In the case of women, basic physical needs for food, clothing and shelter (and those of their children) often supercede social needs to the exclusion of being empowered enough solve wider social issues (peace, justice, equality, wealth to sustain, etc.). This is why it requires emotional archaeology to uncover the ideal for women and if it can really be accomplished without change in he male and the historical social structures we must work within to solve issues dealing with gender parity.

When it comes down to it, corporate culture is held up to the light of the nation’s cultural values such as rationality, integrity, cooperativeness, diligence, delivery on promise and efficiency. When these values are mirrored trust is established and brand loyalty increases.

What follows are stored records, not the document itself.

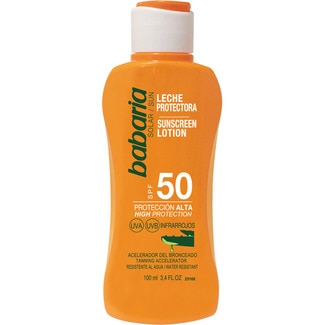 BABARIA Aloe Vera protective sun lotion SFP-50 tan accelerator water-resistant flask 100 ml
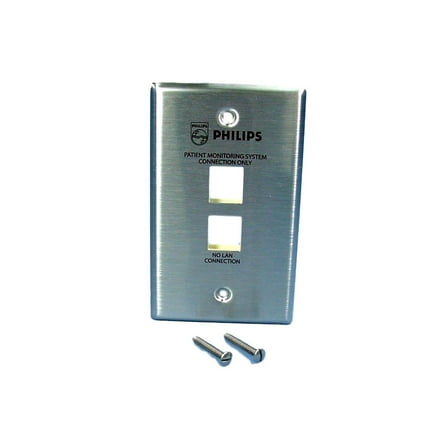 Leviton 2-Port PHILIPS Patient Monitoring Stainless Steel Quickport Wallplate 43080-1S2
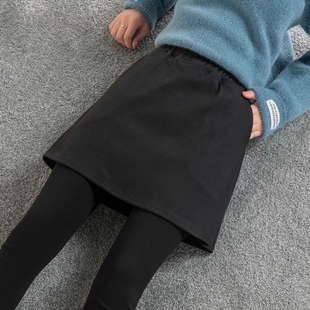 黑色短裙假两件打底裤女秋冬毛呢包臀一体裙裤高腰弹力加绒加厚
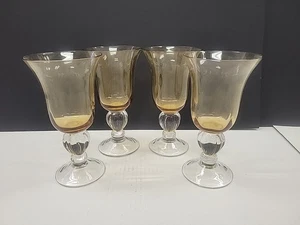 Lenox Water Glasses Colore Siena (Amber) Blown Glass Goblets Set of Four 2003-06 - Picture 1 of 5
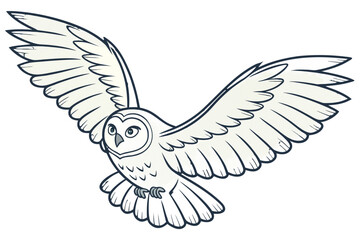 Obraz premium A cute cartoon owl flies with its wings spread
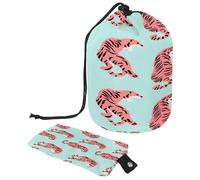 Trousse de toilette avec cordon de serrage - Tigres roses féroces - Trousse de toilette en forme de tonneau - Trousse de maquillage de voyage + petit sac, multicolore,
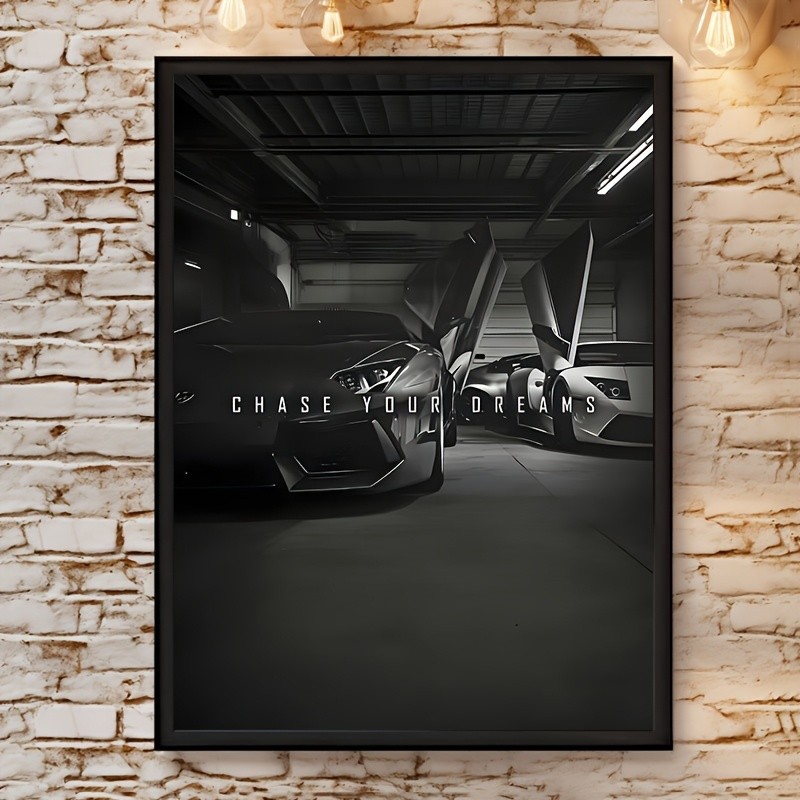 Framed Canvas Chase Your Dreams Black Luxury Sports Car Garage Wall Print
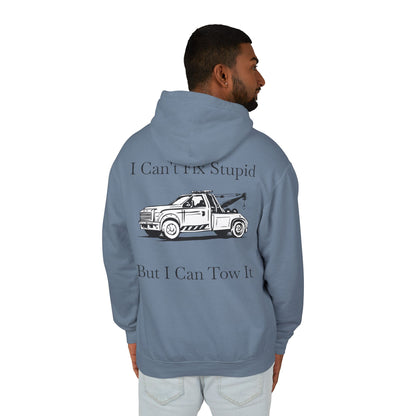 I Can't Fix Stupid Wheel Lift Tow Truck Unisex Lightweight Hoodie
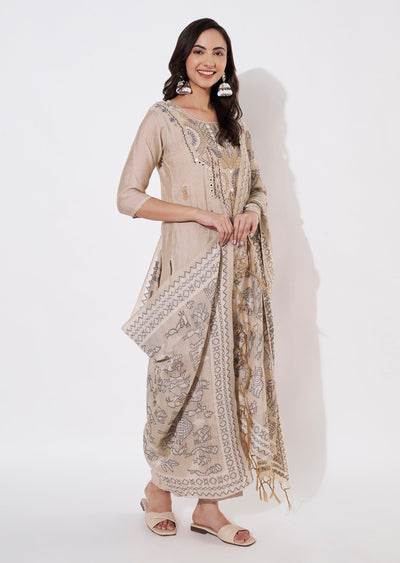 Natural Chanderi Straight cut suit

Mankind is the creator of human history, and therefore we do have the ability fashion the future with what we have learned from the past. But our future comes out of our web of personal choices that lead to interpersonal consequences. And yet there is also a super-culture that is formed by limited resources that we struggle with, that system of acquiring and maintaining property or using limited resources we’ve been given and all of the involvements and values associated with it. We cannot become enlightened and then remain self-interested anyway.

Neutral Defining of the Issues

Power and prestige are different things. Prestige is a distinction or reputation that empowers a person, whether it is real or imagined. Power is the real ability to affect or control behavior of another based upon legal or social clout. For example, society may say that mother hood is admirable or prestigious, yet mothers themselves may not have the power to restructure the workplace to accommodate temporary leaves of absence over a career lifetime. Here we see illustrated also the difference between a cultural norm, what is ideal, and a social norm, what is the actual behavior when observing what happens when moms attempt to return to the workplace with the same respect. The laws require equal treatment, the mores require we treat our society’s moms well, but the folkways reflect that we really don’t welcome them back or pay them as much as before they had kids.

Status or role can either be achieved through earning it or voluntarily seeking and collecting various merits and accomplishments, but there are also social roles and status that are inherited involuntarily which are conferred socially as a label. With gender comes status. Status means position and title, role signifies the behavior and the power to do something. Basically empowering women is just an attempt to correct status inconsistency, that is where income is less than occupational prestige or job effectiveness performance such as the wage gap, or where a double standard appears to exist favoring one gender’s career pattern over the other in a way that makes the norm favorable to one gender rather than the other, such as the absence of women in leadership. This causes a role strain for working mothers, for example, that does not exist for working fathers, and creates role conflict for full-time fathers.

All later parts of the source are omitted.